MOUVEMENT SOCIAL ENTRE VESTES ET GILETS JAUNES

Il faut bien parler de « mouvement social » avec les manifestions des gilets jaunes de ces derniers mois. Les ingrédients sociaux classiques sont en effet réunis, avec des revendications – même si elles sont très diverses et éparses – ; des mots d’ordre mobilisateurs pour des types d’action ; et une manière d’être solidaire.

Ce mouvement, comme tout mouvement social d’ailleurs, a ses caractéristiques et sur lesquelles il faut nécessairement porter attention. Son expression est déroutante parce que polymorphe et dynamisée par un nouvel acteur : les réseaux sociaux. Les réseaux politiques et syndicaux n’apparaissent plus dans le canal de communication, et leur réactivation ne semble passer que par la reprise ou l’adhésion aux revendications du mouvement lui-même. Dans ce mouvement, l’absence de leaders – et donc de responsables – rend difficile l’amorce d’une rencontre utile. L’atomisation du mouvement, rend difficile la communication structurelle. Son instantanéité – médiatique – d’expression directe empêche toute prise de recul et de rationalité, à la hauteur des enjeux soulevés. 

Pour les professionnels des Relations Sociales, ce mouvement social d’ampleur nationale en France est le premier de ce type, avec son lancement sur internet, ses tribunes d’actualisation et la localisation au dernier moment de ses manifestations. C’est également le premier mouvement de l’ère digitale, qui ne dispose – presque par nature – de structure intermédiaire, de porte-paroles ou de négociateurs.
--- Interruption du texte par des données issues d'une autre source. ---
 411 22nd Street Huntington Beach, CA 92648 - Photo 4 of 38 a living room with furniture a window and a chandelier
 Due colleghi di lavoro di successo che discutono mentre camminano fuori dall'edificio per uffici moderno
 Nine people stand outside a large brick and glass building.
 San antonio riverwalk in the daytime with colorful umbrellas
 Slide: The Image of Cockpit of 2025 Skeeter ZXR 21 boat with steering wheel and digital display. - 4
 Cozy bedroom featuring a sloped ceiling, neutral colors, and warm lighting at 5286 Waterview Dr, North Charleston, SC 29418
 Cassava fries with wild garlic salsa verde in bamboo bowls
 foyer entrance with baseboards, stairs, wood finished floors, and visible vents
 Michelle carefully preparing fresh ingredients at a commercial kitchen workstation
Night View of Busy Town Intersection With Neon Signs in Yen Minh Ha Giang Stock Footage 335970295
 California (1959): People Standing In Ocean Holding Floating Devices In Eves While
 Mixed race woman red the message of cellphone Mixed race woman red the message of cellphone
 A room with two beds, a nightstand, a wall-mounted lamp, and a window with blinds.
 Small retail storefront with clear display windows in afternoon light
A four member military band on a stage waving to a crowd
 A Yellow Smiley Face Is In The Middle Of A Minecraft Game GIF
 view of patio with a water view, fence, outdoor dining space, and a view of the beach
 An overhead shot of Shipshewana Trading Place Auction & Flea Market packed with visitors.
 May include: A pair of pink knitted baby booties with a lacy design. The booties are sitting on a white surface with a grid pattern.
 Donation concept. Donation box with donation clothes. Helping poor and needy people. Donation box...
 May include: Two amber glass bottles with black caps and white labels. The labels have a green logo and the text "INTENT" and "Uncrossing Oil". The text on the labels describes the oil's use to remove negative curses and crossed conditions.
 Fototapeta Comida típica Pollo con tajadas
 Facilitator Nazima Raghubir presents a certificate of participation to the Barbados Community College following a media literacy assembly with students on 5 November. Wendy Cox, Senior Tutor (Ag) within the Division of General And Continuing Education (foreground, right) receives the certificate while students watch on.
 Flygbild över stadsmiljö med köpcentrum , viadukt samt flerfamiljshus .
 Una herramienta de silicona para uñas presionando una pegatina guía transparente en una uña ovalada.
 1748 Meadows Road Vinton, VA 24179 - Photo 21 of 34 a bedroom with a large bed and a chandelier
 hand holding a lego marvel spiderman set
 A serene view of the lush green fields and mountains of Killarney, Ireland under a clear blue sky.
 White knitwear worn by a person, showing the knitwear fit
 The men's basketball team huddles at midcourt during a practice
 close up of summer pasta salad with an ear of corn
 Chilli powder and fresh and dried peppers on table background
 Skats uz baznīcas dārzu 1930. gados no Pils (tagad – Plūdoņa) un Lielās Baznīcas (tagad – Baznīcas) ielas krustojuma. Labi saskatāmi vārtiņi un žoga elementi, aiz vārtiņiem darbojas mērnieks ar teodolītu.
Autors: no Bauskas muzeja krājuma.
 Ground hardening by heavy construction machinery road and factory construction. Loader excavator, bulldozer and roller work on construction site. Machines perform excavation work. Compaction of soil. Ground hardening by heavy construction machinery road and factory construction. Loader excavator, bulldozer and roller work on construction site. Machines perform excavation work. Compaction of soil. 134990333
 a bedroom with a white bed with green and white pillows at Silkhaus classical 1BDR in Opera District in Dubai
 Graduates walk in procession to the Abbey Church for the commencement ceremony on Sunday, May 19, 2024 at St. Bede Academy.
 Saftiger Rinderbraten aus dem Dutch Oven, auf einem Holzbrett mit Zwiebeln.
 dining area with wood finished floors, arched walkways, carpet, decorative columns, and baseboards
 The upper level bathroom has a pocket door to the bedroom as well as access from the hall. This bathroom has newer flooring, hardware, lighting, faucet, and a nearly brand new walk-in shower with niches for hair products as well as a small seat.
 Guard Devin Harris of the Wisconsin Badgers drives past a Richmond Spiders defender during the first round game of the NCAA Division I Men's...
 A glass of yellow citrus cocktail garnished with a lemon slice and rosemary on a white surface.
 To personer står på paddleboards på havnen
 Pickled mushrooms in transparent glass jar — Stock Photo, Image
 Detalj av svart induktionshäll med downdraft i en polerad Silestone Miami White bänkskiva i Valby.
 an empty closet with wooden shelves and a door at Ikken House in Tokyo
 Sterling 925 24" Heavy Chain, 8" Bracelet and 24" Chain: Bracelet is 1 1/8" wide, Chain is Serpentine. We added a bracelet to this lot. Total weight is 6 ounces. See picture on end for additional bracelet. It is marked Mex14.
C’est le premier mouvement que l’on lance, et dont on ne maîtrise nullement les effets, et encore moins son développement et son issue.

Si le mouvement des « gilets jaunes » semble se perdre dans les seules manifestations : il contribue cependant, en ce moment même, à modifier les rapports sociaux dans les entreprises, hérités de notre pacte social de 1945. Je suis témoin dans récentes missions auprès des entreprises, ou bien encore dans les témoignages de DRH et Délégués Syndicaux dans les formations aux Relations Sociales de Paris Dauphine, de ce changement qui s’opère dans les rapports sociaux au sein des entreprises ; notamment dans lesquelles le corps initial de protestation des « gilets jaunes » était socialement issu. On assiste, sur le « terrain » à une remise en cause accentuée, par la « base », des positions des leaders syndicaux et à la maitrise difficile pour ceux-ci, de cette expression directe. La régulation sociale de tout un corps intermédiaire, est en train de se modifier. La nature des récentes revendications empruntent largement à l’esprit des « gilets jaunes » où l’on voit fleurir des comparaisons entre les niveaux de salaires ; des demandes d’alignements de prestations cadres/non cadres ; des expressions sur le transport, le logement…. Des revendications de « classe ». Un autre changement est observé, celui de la nature projetée de la manifestation ou du mouvement social. Ainsi les propos et les menaces s’inscrivent peu à peu dans les mêmes modalités de blocage, de violence, de rapport direct, que celles exprimées par la base sociale des « gilets jaunes ». Un phénomène de base pousse, ici ou là, les organisations syndicales vers une expression plus vindicative, afin de garder la maitrise des évènements. Or, si ces dernières ne sont plus en mesure d’assumer cette canalisation de la revendication et de la violence sociale, nous risquons de vivre à l’avenir, des moments difficiles lors des négociations salaries, des changements d’organisations ou lors de plans sociaux. Plus que jamais la qualité du dialogue social et le professionnalisme des leaders syndicaux offrent la meilleure prévention de ce phénomène.